(Pictures with short captions)
________________

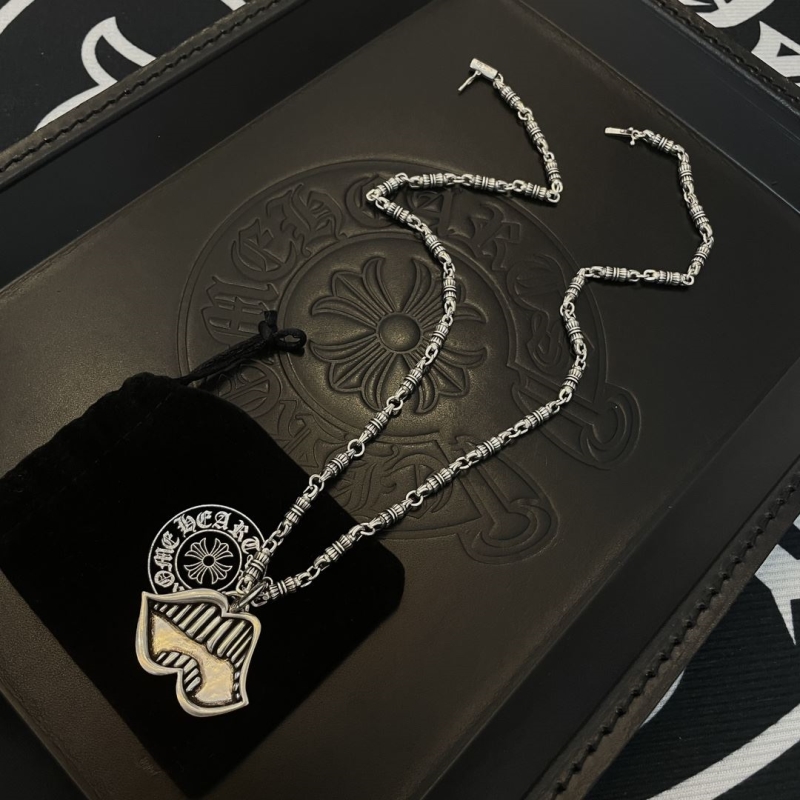 Chrome Hearts Necklaces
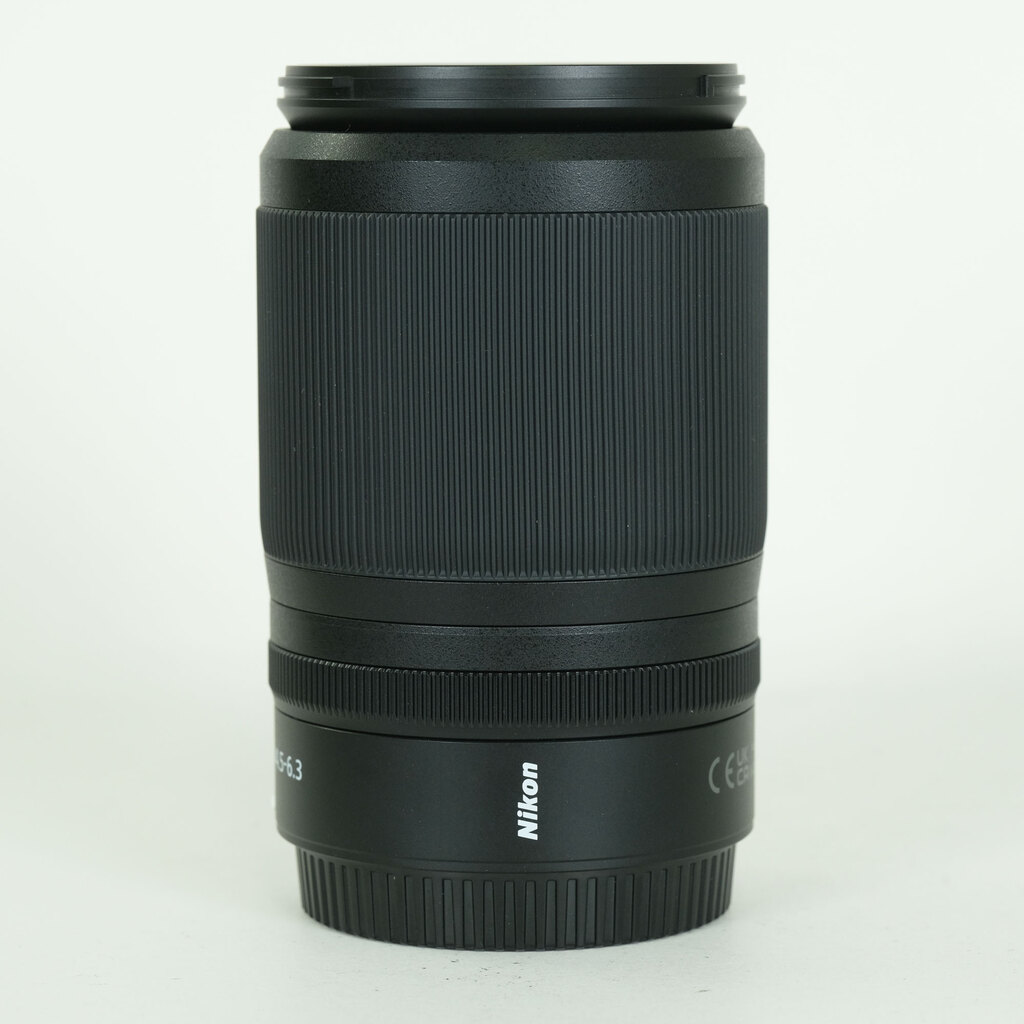 Nikon NIKKOR Z DX 50-250mm f/4.5-6.3 VR Nikon NIKKOR Z DX 50-250mm f/4.5-6.3 VR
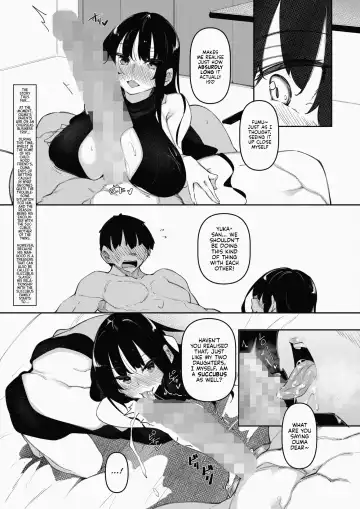 [Fukuyama Naoto] Succubutic Ch.3 Fhentai - Page 3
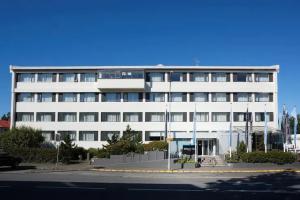 Fosshotel Lind, Рейкьявик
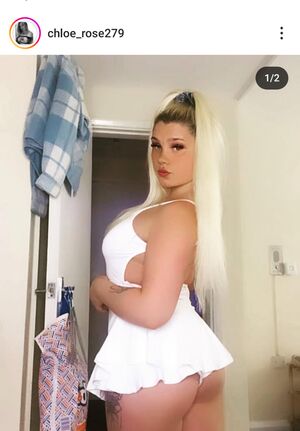 Chloe Rose Nude Photos photo 68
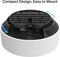 TP-Link Deco X50-PoE - Mesh WiFi - WiFi 6 - 3000 Mbps - 3-pack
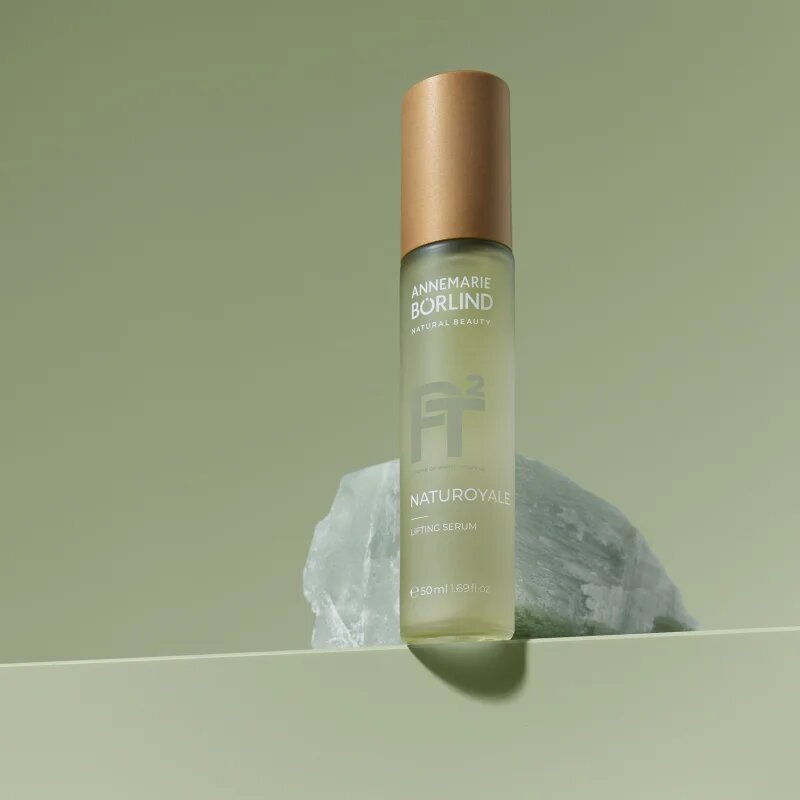ANNEMARIE BÖRLIND Naturoyale ser cu efect de lifting 50 ml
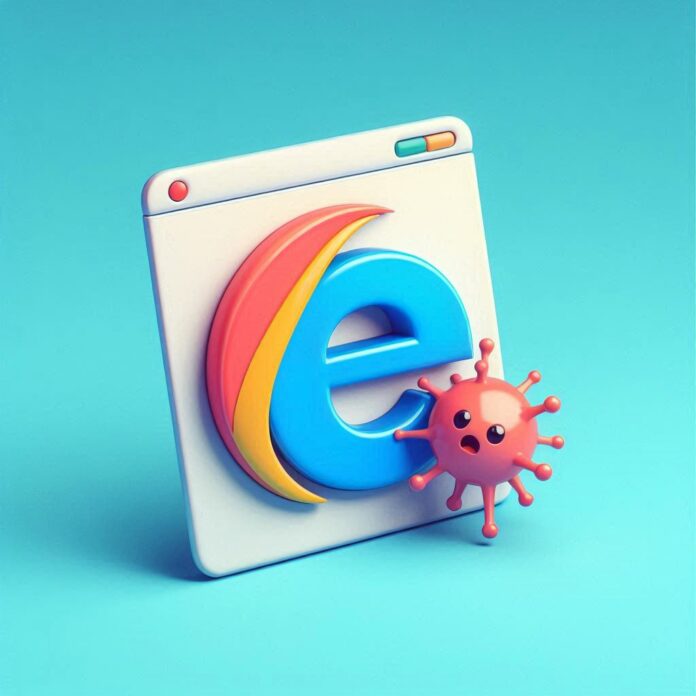 Internet Explorer: corretta una pericolosa vulnerabilità zero-day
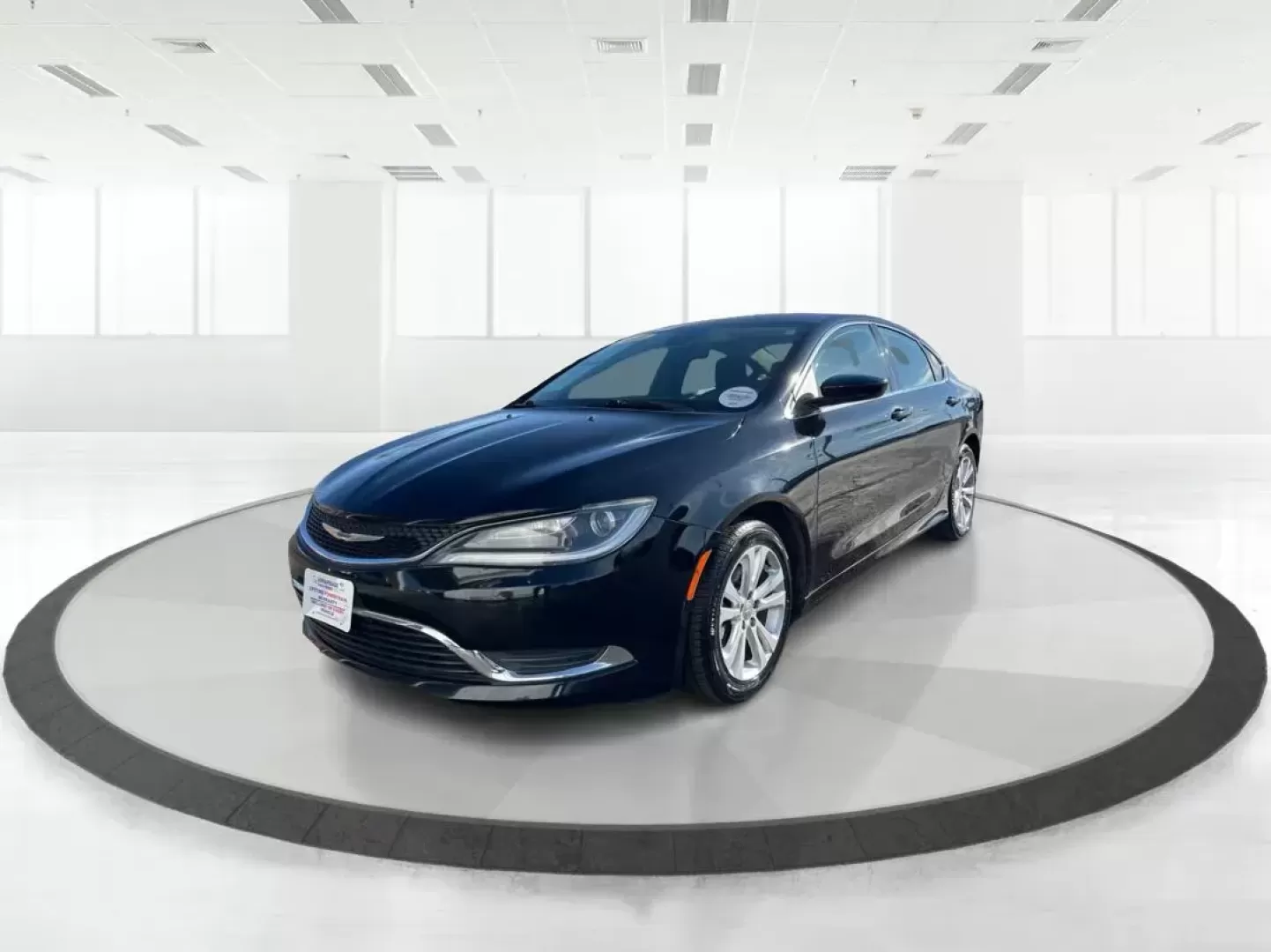 2015 Chrysler 200 Limited (1C3CCCAB8FN) with an Other engine, located at 1184 Kauffman Ave, Fairborn, OH, 45324, (937) 908-9800, 39.807072, -84.030914 - 2015 Chrysler 200 Limited - Photo#7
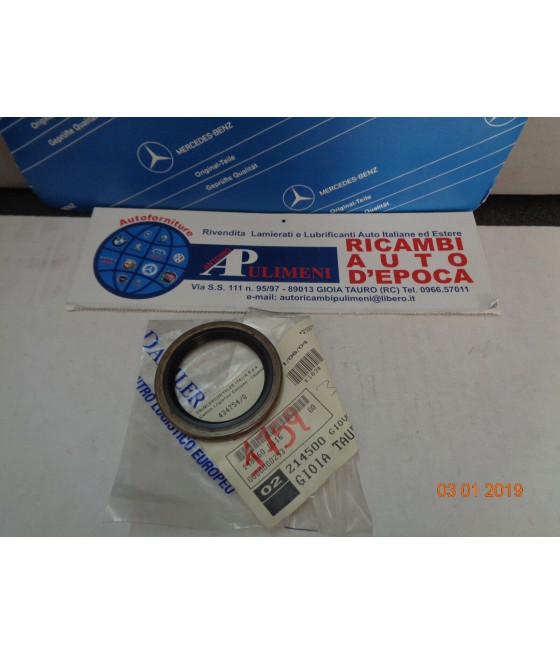 A0239979447 PARAOLIO...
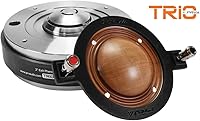 PRV Audio WG2200Ph Slim Midrange Compression Driver + Horn — image 7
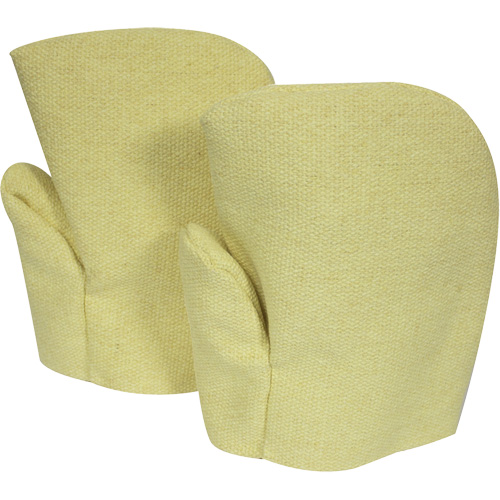 NSA  Thermobest Extreme Heat Slip-Over Mitten Cover, Aramid/Fibreglass, Protects Up To 285° F (140.5° C) Distribution Jean Lapalme
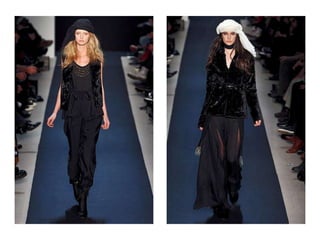 NYFW - Charlotte Ronson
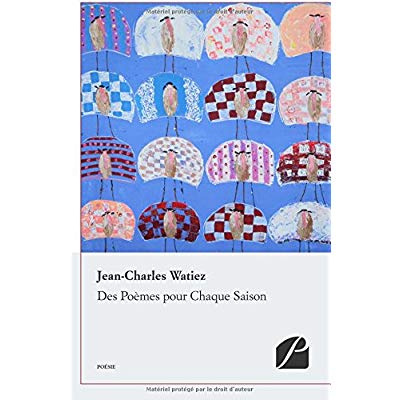 Emprunter Des poèmes pour chaque saison livre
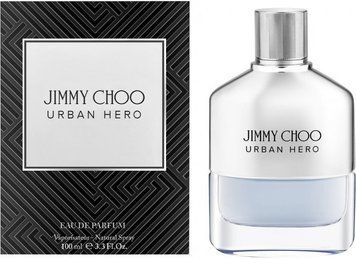 Парфумована вода Jimmy Choo Urban Hero 100ml 1185436 фото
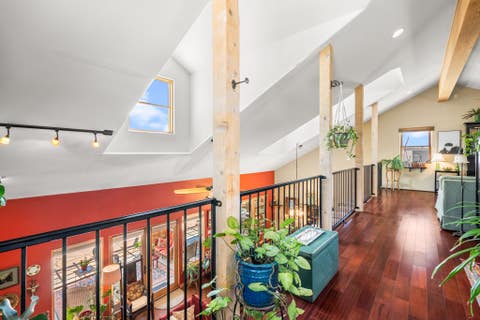 Tiny photo for 40 Craftsman Road, Santa Fe, NM 87508 (MLS # 202603089)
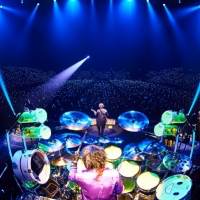 LUNA SEA、たまアリでファンとの強い絆を再確認「１つになれている」
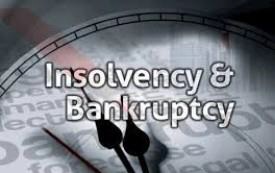 Insolvency & Bankruptcy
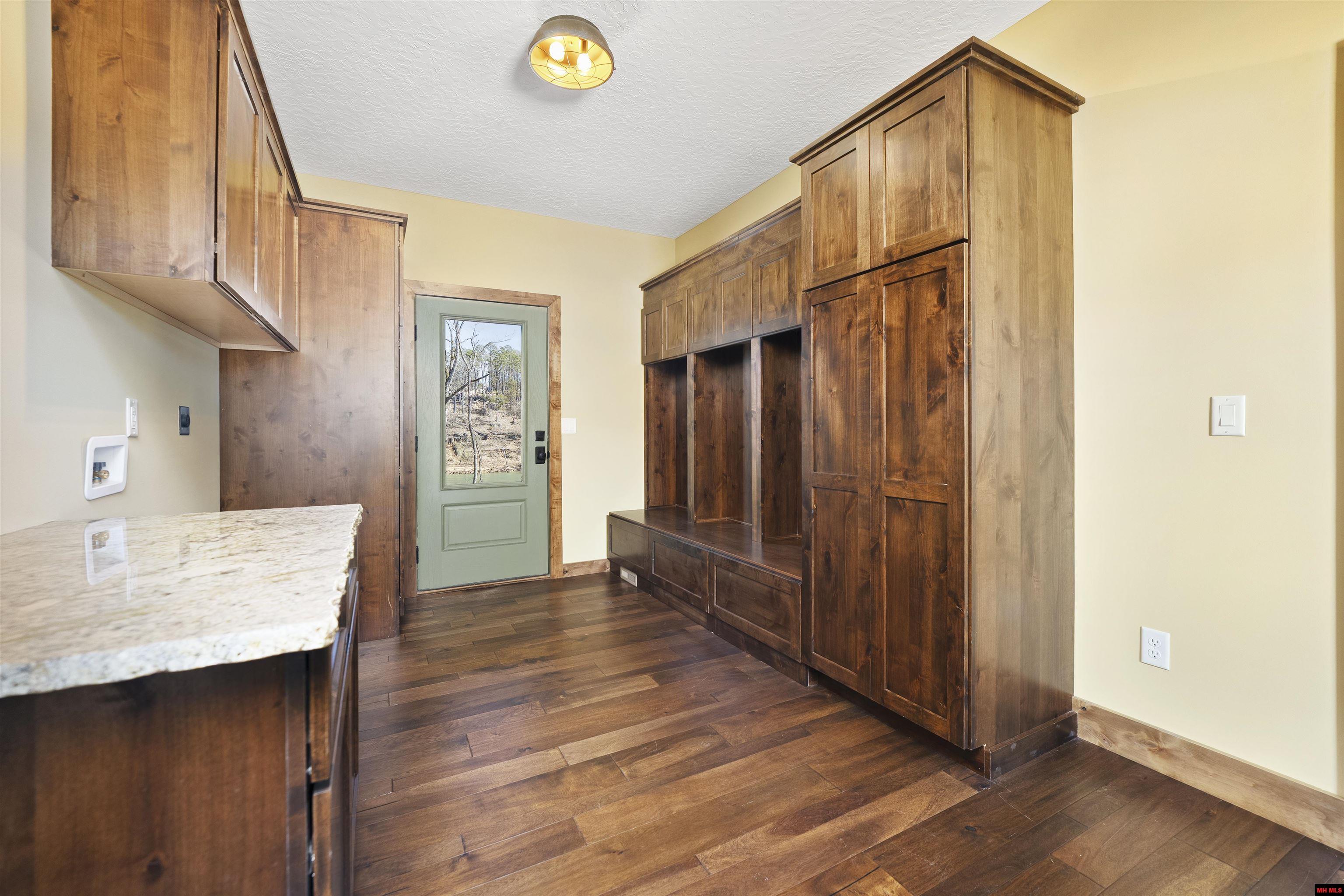 51 NATHAN TERRACE Mountain Home, AR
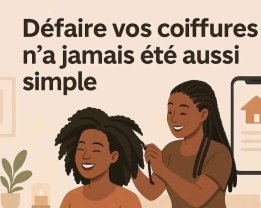 Service tresses africaines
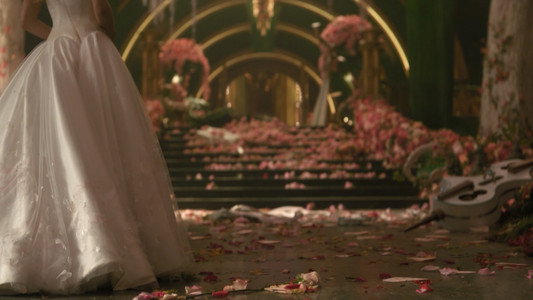 Wicked: For Good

________________

Exercise brief –
Nothing but the lines from the one containing "NYFW - Charlotte Ronson" through the last line of the records above should appear, each repeated exactly, with no pictures.

Reply to the exercise –
 NYFW - Charlotte Ronson
 Emprunter Des poèmes pour chaque saison livre
 Парфумована вода Jimmy Choo Urban Hero 100ml 1185436 фото
 Tiny photo for 40 Craftsman Road, Santa Fe, NM 87508 (MLS # 202603089)
 LUNA SEA、たまアリでファンとの強い絆を再確認「１つになれている」
 Insolvency & Bankruptcy
 51 NATHAN TERRACE Mountain Home, AR
 Service tresses africaines
 Wicked: For Good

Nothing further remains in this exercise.